There's a tremendous opening to the album with "The Furthest Point". The music is like a lovely walk in the autumnal woodlands, with Martin Cockerham on lead vocals and featuring the sound of a haunting flute, a charming cello and a vibrant acoustic guitar. The music sounds slightly unsettling but it's also hypnotic and hauntingly beautiful at the same time. It's an eight minute folky fantasia of musical magic. The angelic honey-coated vocals of Barbara Gaskin appear halfway through the song and her voice is just heavenly. This is gorgeous music designed to carry you away on a sea of blissful dreams, and we've only just begun our musical adventure together. We have a long way to go before we reach "The Furthest Point" because it's time now to take a swig of some "Old Boot Wine", which just happens to be the title of Spirogyra's second album and the second song on this album. It's a very tasty and intoxicating wine too, despite apparently being made from old boots. Honey- voiced Barbara Gaskin takes the lead on this charming melancholy ballad, featuring a prominent mournful cello and flute accompaniment. It's a gentle tender-hearted melody and Barbara has a voice as sweet as sugar that could melt the hardest of hearts. The next song "Parallel Lines Never Separate" features some lovely harmonising between Martin and Barbara with each taking turns on lead vocals. The music opens as a lively Folk rocker but transposes midway through into the gentlest of romantic Folk songs, sounding like a melodic keyboard masterpiece that Renaissance might have recorded back in their heyday. The sound of Martin Cockerham's voice might sound somewhat nasal to some ears on this song, but that's more than offset by the gorgeous sugar-coated vocals of Barbara Gaskin. Side One draws gently to a close now with the short but sweet flute and acoustic guitar melody, "Spiggly", with Barbara in romantic mood with these charming lyrics:- "Love so easy, Love so fine, Into our lives, The time we always needed, No more to strange shadow, I feel us make it, Hope we make it over." ..... Barbara's crystal-clear vocals on this album are heaven-sent, and they're even more pronounced than ever on this gentle acoustic ballad.

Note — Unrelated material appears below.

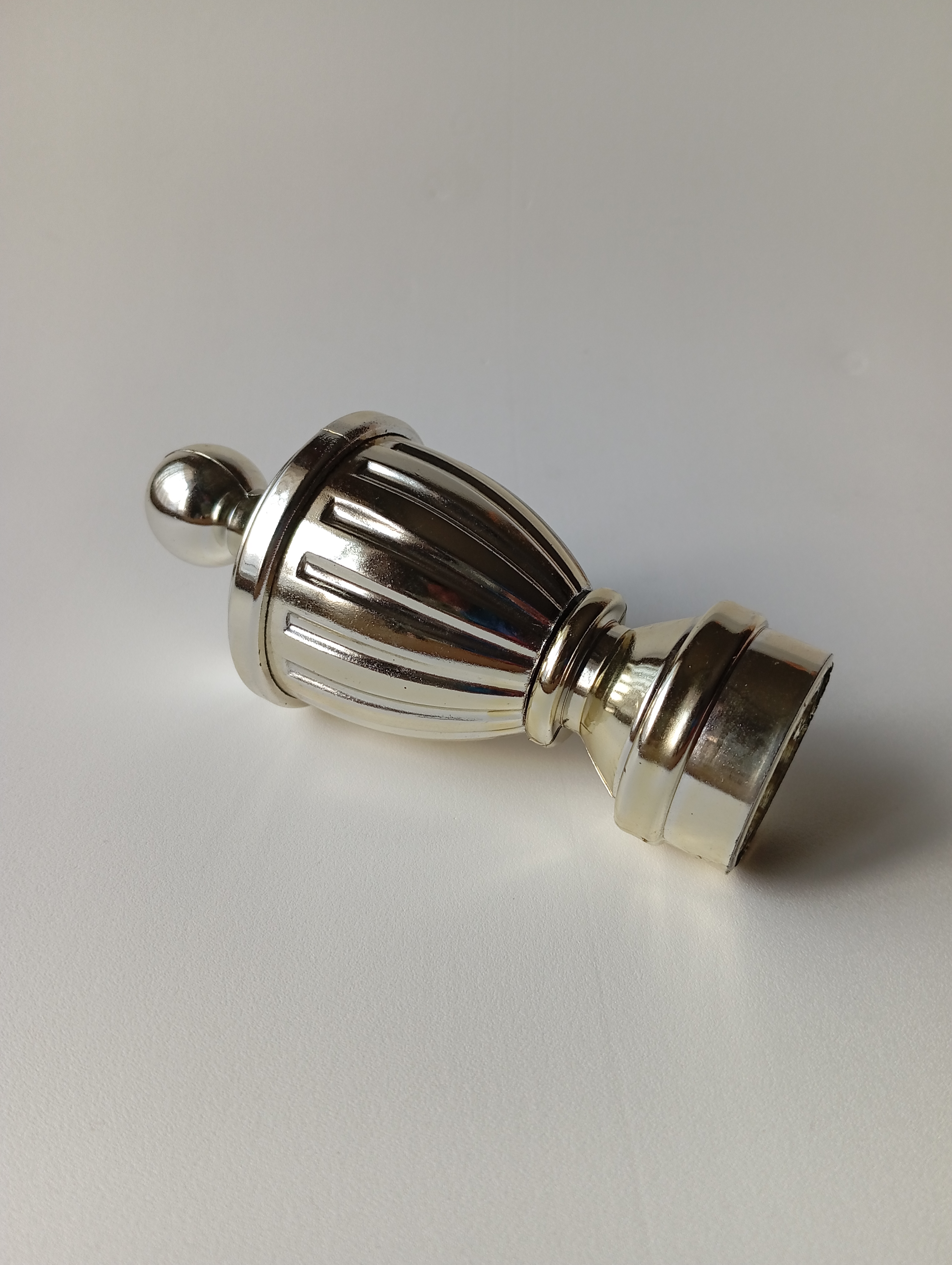 Plastic Gold Curtain Pipe End (PHE0031)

Barbara Gaskin's enchanting vocals weave their magical spell again on "An Everyday Consumption Song". This is the kind of eerie but beautiful ballad that's most evocative of the classic English Psych-Folk sound that we've come to know and love over the years. Yes, the music's a little bit spooky and off-kilter, but not so scary that you'll need to leave the lights on at night for fear of what might lurk in the darkness. It's time now to stand to attention for "The Sergeant Says", a traditional rousing Folk- Rock number where Martin Cockerham takes the lead and gives his best travelling troubadour impression of Bob Dylan. And now we arrive at the sensational suite "In the Western World", to close out the album in magnificent style. The extended suite is split into four parts:- 1. "In the Western World"; 2. "Jungle Lore"; 3. "Coming Back"; & 4. "Western World Reprise". This rip- roaring 13-minute-long suite opens deceptively gently with a peaceful pastoral melody. This is just a harbinger though for "Jungle Lore", a dynamic outburst of rollicking Folk-Rock barrelling along on a sparkling crescendo of cellos, flutes, violins, trumpets and piano. The third part of the suite, "Coming Back", resembles a rousing sea shanty with a rough-voiced sailor, sounding like he's been swigging back a bit too much rum. It's the triumphant anthemic grand finale "Western World Reprise" that represents the ultimate dramatic highlight of this superb album though. This is a tremendously uplifting piece of music with all of the grandiose pomp and majestic splendour of the best Symphonic Prog, which might just surprise and delight you if you were expecting a gentle Prog-Folk album.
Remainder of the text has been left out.